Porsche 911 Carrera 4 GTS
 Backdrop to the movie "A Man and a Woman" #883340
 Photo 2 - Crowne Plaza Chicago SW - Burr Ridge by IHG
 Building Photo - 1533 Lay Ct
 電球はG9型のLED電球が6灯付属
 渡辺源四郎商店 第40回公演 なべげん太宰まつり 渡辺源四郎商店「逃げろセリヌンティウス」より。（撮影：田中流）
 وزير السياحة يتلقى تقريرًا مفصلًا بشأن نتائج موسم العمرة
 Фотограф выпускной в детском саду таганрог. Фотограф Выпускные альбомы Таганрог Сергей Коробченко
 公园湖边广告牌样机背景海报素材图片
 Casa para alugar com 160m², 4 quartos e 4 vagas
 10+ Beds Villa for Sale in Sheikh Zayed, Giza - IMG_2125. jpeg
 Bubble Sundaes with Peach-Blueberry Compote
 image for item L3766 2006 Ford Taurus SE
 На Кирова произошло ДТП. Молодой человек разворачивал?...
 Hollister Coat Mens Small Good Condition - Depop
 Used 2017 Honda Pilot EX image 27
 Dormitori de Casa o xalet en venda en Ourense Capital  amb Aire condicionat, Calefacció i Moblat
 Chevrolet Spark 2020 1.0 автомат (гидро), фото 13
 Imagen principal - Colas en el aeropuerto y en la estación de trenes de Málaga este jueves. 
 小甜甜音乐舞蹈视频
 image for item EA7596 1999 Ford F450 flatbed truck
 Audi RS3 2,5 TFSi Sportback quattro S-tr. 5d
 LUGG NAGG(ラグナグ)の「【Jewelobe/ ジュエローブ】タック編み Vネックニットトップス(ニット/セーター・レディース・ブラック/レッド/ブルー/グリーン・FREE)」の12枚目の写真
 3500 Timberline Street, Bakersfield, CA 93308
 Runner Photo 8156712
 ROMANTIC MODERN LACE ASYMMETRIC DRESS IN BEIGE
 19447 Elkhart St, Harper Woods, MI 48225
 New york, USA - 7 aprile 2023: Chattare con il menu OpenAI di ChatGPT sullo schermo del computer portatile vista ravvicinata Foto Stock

━━━━

WHAT TO DO => Begin at the line containing "Bubble Sundaes with Peach-Blueberry Compote" and reproduce every line through the last one in the records above, exactly.

RESPONSE =>
 Bubble Sundaes with Peach-Blueberry Compote
 image for item L3766 2006 Ford Taurus SE
 На Кирова произошло ДТП. Молодой человек разворачивал?...
 Hollister Coat Mens Small Good Condition - Depop
 Used 2017 Honda Pilot EX image 27
 Dormitori de Casa o xalet en venda en Ourense Capital  amb Aire condicionat, Calefacció i Moblat
 Chevrolet Spark 2020 1.0 автомат (гидро), фото 13
 Imagen principal - Colas en el aeropuerto y en la estación de trenes de Málaga este jueves. 
 小甜甜音乐舞蹈视频
 image for item EA7596 1999 Ford F450 flatbed truck
 Audi RS3 2,5 TFSi Sportback quattro S-tr. 5d
 LUGG NAGG(ラグナグ)の「【Jewelobe/ ジュエローブ】タック編み Vネックニットトップス(ニット/セーター・レディース・ブラック/レッド/ブルー/グリーン・FREE)」の12枚目の写真
 3500 Timberline Street, Bakersfield, CA 93308
 Runner Photo 8156712
 ROMANTIC MODERN LACE ASYMMETRIC DRESS IN BEIGE
 19447 Elkhart St, Harper Woods, MI 48225
 New york, USA - 7 aprile 2023: Chattare con il menu OpenAI di ChatGPT sullo schermo del computer portatile vista ravvicinata Foto Stock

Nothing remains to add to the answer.